> _What the exercise asks_
Please repeat exactly the lines from the one containing "Digital Health Adoption" to the end of the entries below, both included, and omit all pictures.

----- Excerpted records -----

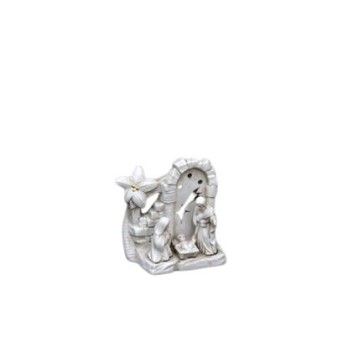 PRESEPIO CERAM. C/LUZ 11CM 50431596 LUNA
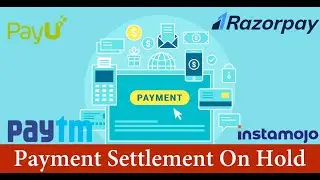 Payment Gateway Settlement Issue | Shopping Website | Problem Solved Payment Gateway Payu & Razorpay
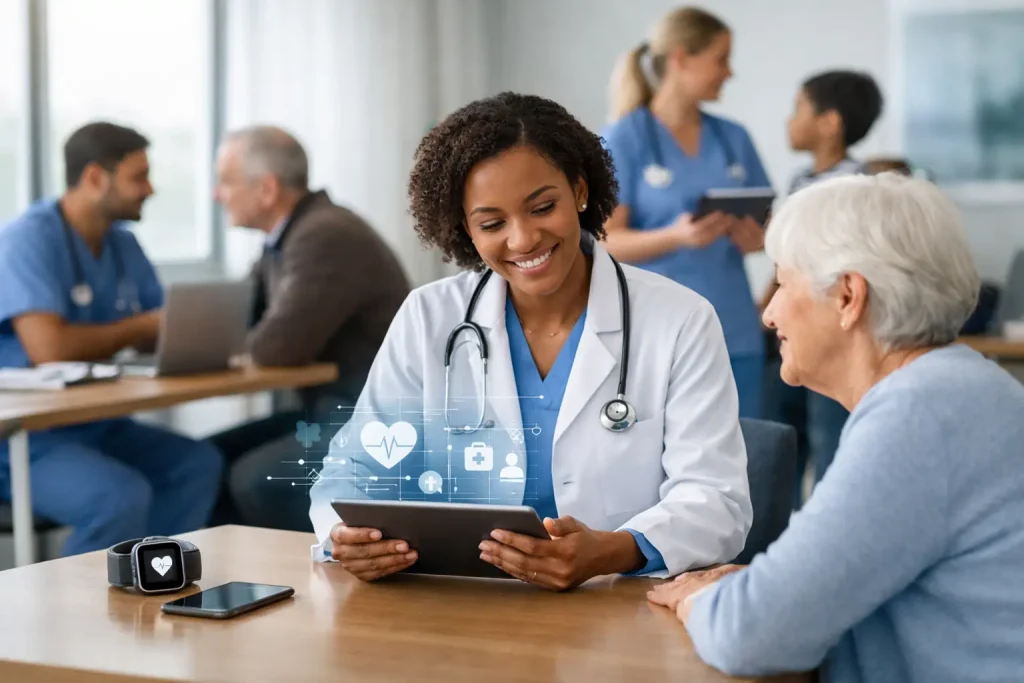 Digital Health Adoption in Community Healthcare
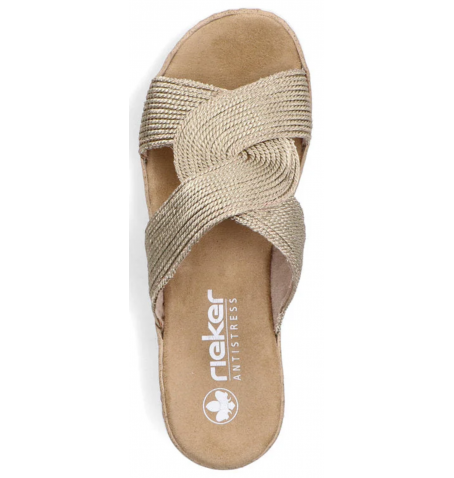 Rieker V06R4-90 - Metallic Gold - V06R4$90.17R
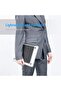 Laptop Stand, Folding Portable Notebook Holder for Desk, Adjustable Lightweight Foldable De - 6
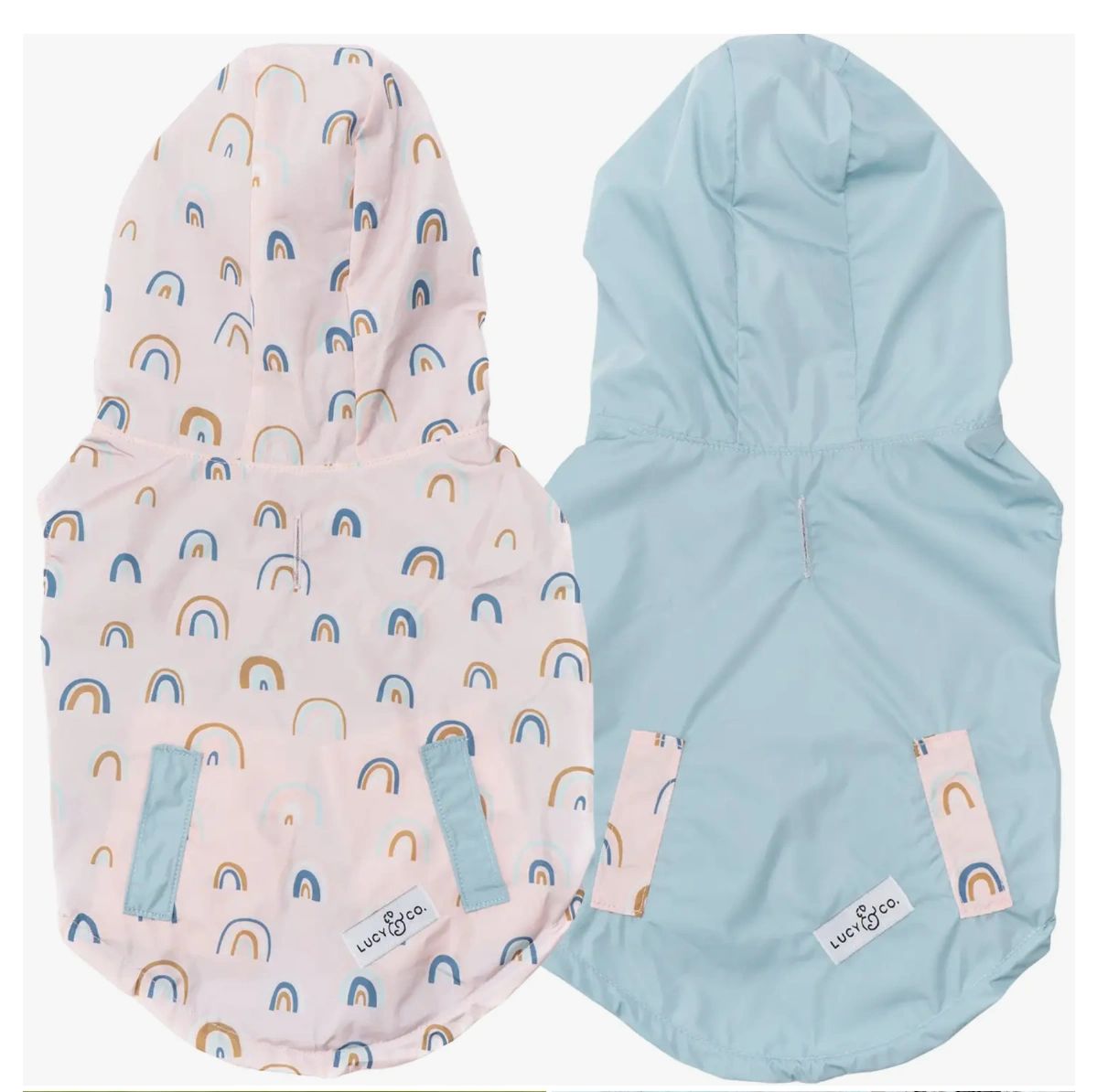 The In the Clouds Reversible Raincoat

-----

> _Answer section_
 Digital Health Adoption in Community Healthcare
 Rieker V06R4-90 - Metallic Gold - V06R4$90.17R
 Laptop Stand, Folding Portable Notebook Holder for Desk, Adjustable Lightweight Foldable De - 6
 The In the Clouds Reversible Raincoat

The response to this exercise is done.